The ASAP delimitation method identified MOTU (molecular operational taxonomic units) which matched the clades in Pešić et al. (2022). The best ASAP score had 3.50 at a threshold distance of 12.106% K2P identified H. ponticus clade from Georgia and Eastern Türkiye and the clade from southwestern Türkiye as a single MOTU. On the other hand, the second best score of ASAP (6.0) a threshold distance of 6.885% K2P separated the latter two clades into different MOTUs.

Discussion — The molecular analysis based on COI data placed the specimens of H. calliger complex from southwestern Türkiye used in this study for molecular analysis as sister to a clade containing specimens of H. ponticus Pešić, Esen & Mumladze, 2022 from Georgia and Eastern Türkiye. Morphologically, specimens of the latter clade resemble specimens from southwestern Türkiye by relatively long gonopore in females, which exceed the length of the genital plate. However, in the new subspecies, the ventrodistal projection of P-2 tends to be somewhat longer in comparison to the H. ponticus clade from Georgia and Eastern Türkiye (L/W ratio: 1.2 vs. 1.0 in H. p. ponticus Clade).

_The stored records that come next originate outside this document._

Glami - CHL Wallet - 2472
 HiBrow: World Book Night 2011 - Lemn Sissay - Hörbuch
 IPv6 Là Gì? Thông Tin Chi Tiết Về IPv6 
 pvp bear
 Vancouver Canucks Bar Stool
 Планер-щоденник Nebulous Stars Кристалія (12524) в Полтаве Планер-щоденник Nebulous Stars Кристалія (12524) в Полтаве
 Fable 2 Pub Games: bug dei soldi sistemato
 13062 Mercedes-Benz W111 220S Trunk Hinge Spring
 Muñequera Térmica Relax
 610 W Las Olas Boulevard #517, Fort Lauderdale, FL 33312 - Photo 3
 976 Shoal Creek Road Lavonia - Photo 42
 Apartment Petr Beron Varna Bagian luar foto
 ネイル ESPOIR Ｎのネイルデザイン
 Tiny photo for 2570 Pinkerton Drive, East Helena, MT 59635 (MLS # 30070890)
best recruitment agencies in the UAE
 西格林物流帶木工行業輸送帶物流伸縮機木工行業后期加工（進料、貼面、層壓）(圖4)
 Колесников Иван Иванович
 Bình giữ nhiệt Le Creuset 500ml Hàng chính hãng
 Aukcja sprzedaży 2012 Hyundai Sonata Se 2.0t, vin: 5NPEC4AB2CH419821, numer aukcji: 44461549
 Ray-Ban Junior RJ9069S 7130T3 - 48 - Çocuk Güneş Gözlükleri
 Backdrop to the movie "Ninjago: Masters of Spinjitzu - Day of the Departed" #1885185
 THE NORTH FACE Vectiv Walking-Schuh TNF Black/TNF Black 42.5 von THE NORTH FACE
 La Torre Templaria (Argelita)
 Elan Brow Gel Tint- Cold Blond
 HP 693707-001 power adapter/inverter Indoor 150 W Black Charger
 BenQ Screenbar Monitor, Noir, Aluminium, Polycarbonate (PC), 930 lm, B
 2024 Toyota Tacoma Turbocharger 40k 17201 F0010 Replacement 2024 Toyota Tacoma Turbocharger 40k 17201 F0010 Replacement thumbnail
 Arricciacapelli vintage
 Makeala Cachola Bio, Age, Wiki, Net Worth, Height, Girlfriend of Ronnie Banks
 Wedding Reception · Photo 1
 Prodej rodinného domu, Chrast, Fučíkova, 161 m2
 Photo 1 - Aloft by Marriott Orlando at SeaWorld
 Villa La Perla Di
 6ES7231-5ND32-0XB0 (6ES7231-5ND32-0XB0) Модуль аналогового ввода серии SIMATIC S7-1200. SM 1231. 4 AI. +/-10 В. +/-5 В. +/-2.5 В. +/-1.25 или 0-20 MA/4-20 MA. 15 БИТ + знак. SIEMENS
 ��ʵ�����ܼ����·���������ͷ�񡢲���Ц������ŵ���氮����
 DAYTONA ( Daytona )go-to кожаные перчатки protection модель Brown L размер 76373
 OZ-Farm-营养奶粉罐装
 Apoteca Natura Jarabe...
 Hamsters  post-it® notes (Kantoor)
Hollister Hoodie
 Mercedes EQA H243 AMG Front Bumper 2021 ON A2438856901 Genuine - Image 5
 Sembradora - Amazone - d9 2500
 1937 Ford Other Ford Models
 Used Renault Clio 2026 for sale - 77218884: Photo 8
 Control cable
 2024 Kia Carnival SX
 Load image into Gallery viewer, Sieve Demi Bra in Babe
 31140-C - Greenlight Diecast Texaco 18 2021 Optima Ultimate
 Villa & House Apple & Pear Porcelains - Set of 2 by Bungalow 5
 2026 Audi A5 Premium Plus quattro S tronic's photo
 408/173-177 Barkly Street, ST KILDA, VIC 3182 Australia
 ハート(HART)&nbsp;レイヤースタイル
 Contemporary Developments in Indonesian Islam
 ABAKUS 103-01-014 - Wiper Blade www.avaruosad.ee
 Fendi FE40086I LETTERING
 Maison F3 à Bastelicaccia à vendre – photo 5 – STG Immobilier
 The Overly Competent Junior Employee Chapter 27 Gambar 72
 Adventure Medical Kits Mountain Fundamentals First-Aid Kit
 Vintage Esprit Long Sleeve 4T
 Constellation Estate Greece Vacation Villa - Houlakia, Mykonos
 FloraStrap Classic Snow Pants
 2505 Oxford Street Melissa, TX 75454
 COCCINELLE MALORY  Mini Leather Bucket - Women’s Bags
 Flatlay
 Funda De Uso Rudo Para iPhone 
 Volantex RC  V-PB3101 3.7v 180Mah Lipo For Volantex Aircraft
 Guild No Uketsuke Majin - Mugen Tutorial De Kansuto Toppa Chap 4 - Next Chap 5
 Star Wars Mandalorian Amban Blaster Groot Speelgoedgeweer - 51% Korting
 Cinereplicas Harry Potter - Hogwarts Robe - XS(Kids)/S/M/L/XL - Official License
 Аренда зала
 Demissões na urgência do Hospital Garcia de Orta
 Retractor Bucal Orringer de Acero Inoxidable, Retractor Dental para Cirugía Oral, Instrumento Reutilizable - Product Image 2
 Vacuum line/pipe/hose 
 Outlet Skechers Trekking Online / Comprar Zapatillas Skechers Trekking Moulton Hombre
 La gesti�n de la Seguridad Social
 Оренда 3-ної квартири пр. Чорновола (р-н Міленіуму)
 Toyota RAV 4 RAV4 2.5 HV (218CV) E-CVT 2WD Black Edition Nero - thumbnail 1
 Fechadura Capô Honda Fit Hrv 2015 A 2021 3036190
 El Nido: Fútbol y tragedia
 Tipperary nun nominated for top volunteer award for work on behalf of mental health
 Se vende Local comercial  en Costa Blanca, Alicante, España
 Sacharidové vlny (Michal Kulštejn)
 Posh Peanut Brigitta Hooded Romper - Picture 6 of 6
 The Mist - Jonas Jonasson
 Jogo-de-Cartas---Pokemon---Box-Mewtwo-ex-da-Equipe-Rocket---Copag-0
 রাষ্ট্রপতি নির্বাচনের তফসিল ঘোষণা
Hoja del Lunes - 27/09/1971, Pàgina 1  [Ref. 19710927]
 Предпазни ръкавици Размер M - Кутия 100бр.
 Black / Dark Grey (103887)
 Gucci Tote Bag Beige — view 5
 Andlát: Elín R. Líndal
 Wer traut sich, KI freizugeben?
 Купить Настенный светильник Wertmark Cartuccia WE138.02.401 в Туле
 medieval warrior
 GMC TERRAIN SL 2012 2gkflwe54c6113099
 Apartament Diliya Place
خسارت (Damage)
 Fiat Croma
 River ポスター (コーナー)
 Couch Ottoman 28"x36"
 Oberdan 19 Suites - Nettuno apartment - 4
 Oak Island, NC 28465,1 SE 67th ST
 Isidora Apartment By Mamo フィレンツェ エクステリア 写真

Based on the molecular and morphological evidence and the geographical isolation of the clades (allopatric populations), we propose the presence of two subspecies: H. ponticus ponticus Pešić, Esen & Mumladze, 2022 ( Georgia, Eastern Türkiye) and H. ponticus yildirimi ssp. nov. (southwestern Türkiye). A possible future discovery of the co-occurrence of these clades/morphotypes could indicate their reproductive isolation and would potentially justify their subsequent elevation to the status of distinct species.

Distribution — Southwestern Türkiye (Aydin and Isparta Provinces).